Along with being a professor at the University of Rochester Physics and Astronomy Department, I am also a scientist at the Laboratory for Laser Energetics, located just south of campus. The Laboratory is a premier laser fusion research facility, with $30 million per year in funding from the Department of Energy. It’s the smaller cousin of National Ignition Facility — a place where many ideas are first explored before taking them to Livermore. (The LLE can fire its lasers once every hour, while the NIF can only fire about once a day.) 

From that vantage point, I have spent more than 20 years watching the push for fusion. And I can tell you that yes, without a doubt, Tuesday’s announcement is a very big deal indeed.

The Sun is powered by thermonuclear fusion reactions in its core. Four hydrogen nuclei — each with a single proton — are squeezed together to form a helium nucleus, with its two protons and two neutrons. In the process they release some energy, as described by E = mc2. The Sun pulls off this trick by using the gravitational crush of its ponderous mass — 330,000 times the mass of the Earth. All that gravitational squeeze forces temperatures at the Sun’s core past 10 million degrees Kelvin. This creates pressures that slam the hydrogen nuclei together hard enough for the needed nuclear transmutation to occur. 

As soon as physicists realized this was how the Sun made its energy, they started to dream of getting the same process to work on Earth. But scientists don’t have 330,000 Earths-worth of mass to get things going, and there is a long-standing joke in fusion science circles that no matter when you ask, fusion will always be 20 years away. First, scientists tried using magnetic fields to generate the needed pressures. Later, they saw they could use converging laser beams to generate the squeeze. Regardless of the method, what matters is that since the 1950s there has been someone, somewhere, working to achieve fusion in a lab. The process has been painful and the progress slow.

It took decades, but we finally gained energy

While magnetic fusion and laser fusion (also called inertial confinement) have battled for supremacy, neither method had reached a point where any energy extracted by fusion reactions was greater than the energy put in to initiate those reactions.

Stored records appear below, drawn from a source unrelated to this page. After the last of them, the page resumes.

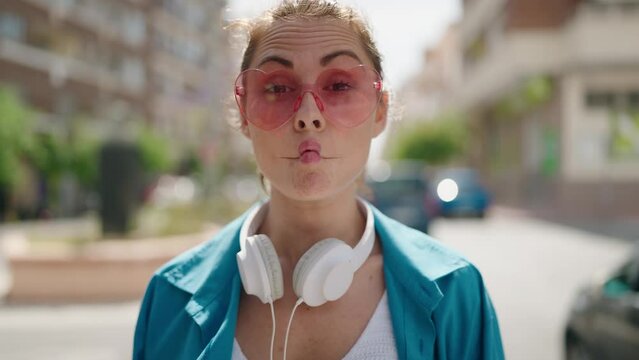 Young woman wearing heart sunglasses and headphones doing funny gesture with mouth at street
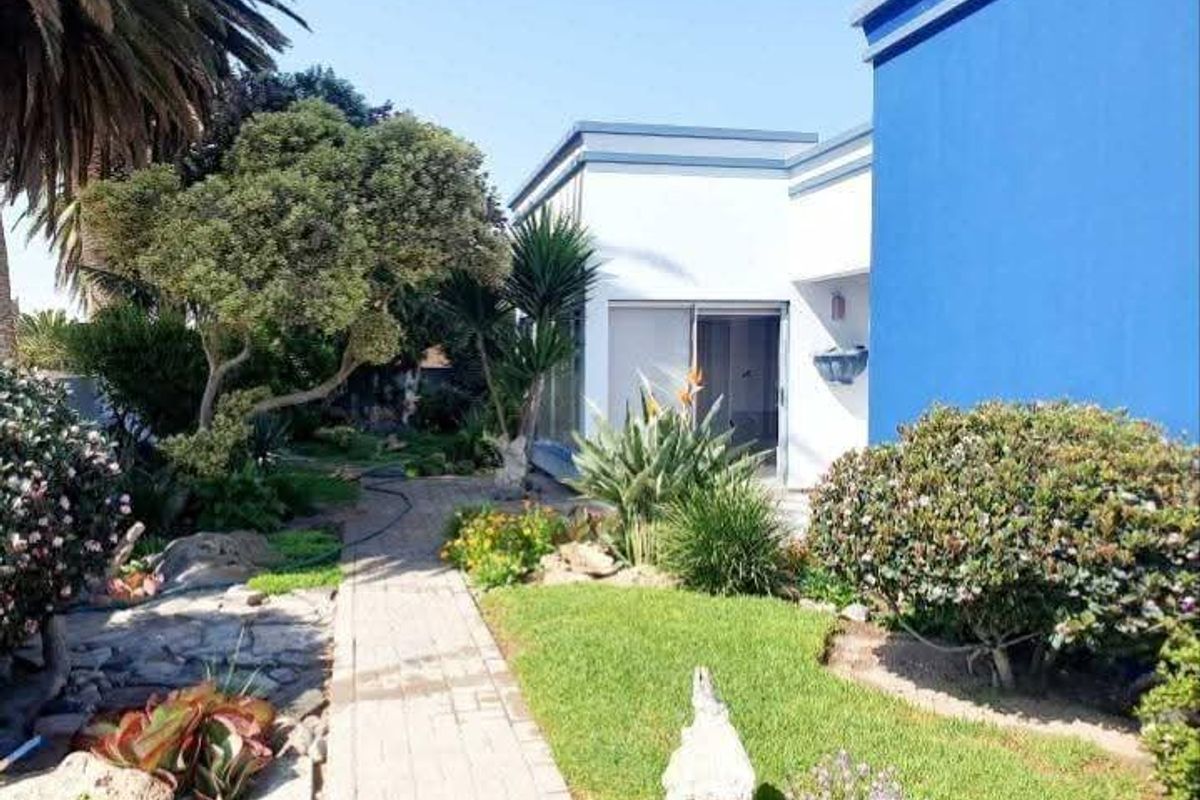 A well-maintained rear garden featuring a paved walkway leading to a sliding glass door entrance, surrounded by established landscaping and shrubs.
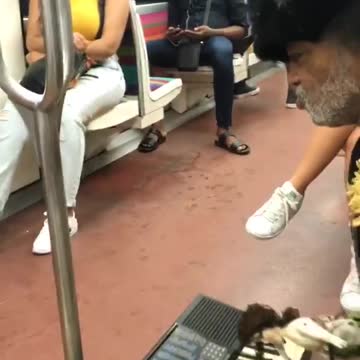 Man sings play piano and holds onto dolls
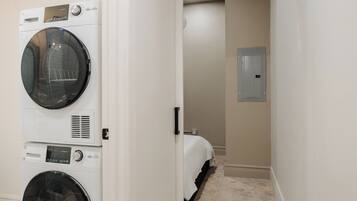 Een wasserette met gestapelde wasmachines en een bed in de aangrenzende kamer.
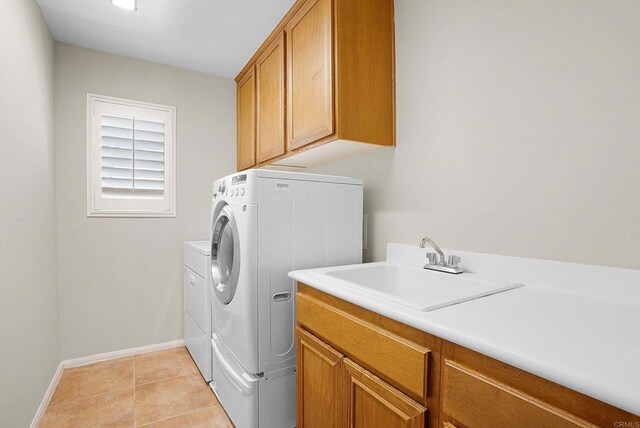 2217 Corte, San Simeon, Chula Vista, CA 91914 - washroom with independent washer and dryer, cabinet space, baseboards, and light tile patterned floors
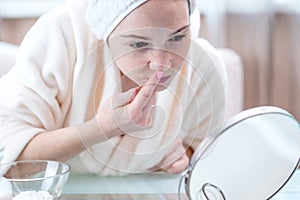 Unhappy young woman with a towel on her head detects acne on her face. Concept of hygiene and care for the skin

Simply put, there was no net energy gain.

When the Department of Energy decided to build the National Ignition Facility at the beginning of this century, the NIF immediately became the granddaddy of all laser fusion machines. It was so big that everyone expected net energy gain was just a few years away. But the Facility failed to deliver on those promises initially. Laser energy that was supposed to reach the target — a tiny capsule of deuterium and tritium — was being shunted away by the plasma generated in the capsule’s implosion. These initial failures left some wondering whether achieving fusion in the laboratory was simply impossible. Maybe the process was just too complicated, with too many instabilities that could thwart fusion ignition.

But the scientists at the National Ignition Facility finally prevailed. With patience and ingenuity, they worked and reworked the design of their experiments — the laser pulse, the fuel capsule, and anything else they could think of — and slowly they inched closer to their goal. Finally, they triggered a runaway thermonuclear ignition. Like a struck match, once the deuterium-tritium fuel started to burn, it gave off more energy than had been used to start the thermonuclear reactions. This result finally put the first part of the old “20-year” quip to rest. Fusion scientists have waited 50 years for this milestone, and now it is in the history books.

So, when will fusion power stations start to generate all the world’s energy needs, cleanly and at incredibly low cost? Well… in about 20 years. But the goal is attainable now. Before, we did not even know if fusion in the lab was possible. Now we know it is. Moving forward from here is about solving a lot of technical and engineering challenges. That will definitely take more than 10 years, but 20 or 30 years is now a realistic timetable for the development of a working commercial reactor. Now that we know it’s possible, there really is nothing to stop us. 

The consequences of such a breakthrough are hard to fathom. Imagine what the world could do with a near-limitless supply of cheap, clean energy. What could we achieve? How might we progress? The implications soar beyond Earth. Nuclear fusion rockets would make continuous acceleration/deceleration to Mars and the rest of the solar system a reality. Rather than taking six to nine months to reach Mars, you could keep your motor on, accelerating and decelerating at 1G to arrive in just weeks. So indeed, there are many ways achieving fusion ignition is a game changer.